*Scraped caption text data*

***

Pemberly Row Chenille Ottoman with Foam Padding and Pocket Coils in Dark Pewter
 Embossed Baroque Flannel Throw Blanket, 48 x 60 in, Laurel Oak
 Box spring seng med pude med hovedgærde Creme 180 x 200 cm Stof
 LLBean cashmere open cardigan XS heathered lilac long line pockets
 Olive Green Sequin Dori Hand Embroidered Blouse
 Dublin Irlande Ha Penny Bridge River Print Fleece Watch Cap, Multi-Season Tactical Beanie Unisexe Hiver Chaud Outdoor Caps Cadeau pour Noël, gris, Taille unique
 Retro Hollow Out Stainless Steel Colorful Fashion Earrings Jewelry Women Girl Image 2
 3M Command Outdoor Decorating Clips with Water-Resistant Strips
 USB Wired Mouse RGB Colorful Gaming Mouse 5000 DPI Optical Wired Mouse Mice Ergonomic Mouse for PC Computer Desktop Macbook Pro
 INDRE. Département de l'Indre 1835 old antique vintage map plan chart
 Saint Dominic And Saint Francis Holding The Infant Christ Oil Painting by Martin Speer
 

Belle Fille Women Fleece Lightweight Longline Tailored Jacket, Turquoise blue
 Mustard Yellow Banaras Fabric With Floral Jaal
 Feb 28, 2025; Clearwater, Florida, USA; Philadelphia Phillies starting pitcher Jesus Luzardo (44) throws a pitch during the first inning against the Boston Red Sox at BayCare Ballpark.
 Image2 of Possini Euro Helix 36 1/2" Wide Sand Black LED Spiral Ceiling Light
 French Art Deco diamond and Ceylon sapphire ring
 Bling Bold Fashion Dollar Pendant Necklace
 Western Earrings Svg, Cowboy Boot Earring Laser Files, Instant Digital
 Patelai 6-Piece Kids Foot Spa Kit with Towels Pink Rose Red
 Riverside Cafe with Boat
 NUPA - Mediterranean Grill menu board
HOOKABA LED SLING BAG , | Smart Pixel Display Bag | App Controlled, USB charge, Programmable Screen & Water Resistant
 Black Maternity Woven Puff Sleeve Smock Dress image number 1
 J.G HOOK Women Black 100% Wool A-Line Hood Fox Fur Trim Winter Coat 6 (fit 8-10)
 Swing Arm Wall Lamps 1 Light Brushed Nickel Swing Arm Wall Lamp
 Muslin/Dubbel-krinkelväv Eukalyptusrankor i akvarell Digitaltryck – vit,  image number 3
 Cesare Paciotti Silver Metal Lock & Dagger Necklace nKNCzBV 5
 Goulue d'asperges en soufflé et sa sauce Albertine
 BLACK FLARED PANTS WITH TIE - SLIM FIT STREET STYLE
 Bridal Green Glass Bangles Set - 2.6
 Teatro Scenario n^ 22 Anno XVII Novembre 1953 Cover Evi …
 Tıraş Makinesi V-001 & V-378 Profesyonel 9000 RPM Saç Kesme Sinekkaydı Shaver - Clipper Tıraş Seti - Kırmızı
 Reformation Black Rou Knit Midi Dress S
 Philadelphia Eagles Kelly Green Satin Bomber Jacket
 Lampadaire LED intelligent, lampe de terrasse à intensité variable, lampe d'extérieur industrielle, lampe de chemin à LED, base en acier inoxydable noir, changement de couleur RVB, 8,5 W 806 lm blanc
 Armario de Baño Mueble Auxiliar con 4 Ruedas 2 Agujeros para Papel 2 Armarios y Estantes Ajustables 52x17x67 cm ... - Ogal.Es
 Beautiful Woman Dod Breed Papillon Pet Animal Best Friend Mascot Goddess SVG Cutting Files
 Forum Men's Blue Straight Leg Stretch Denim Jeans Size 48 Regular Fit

***

*Your goal*
Across the records, how many lines contain "Fashion"? Only the number should be given.

*Solution for this task*
2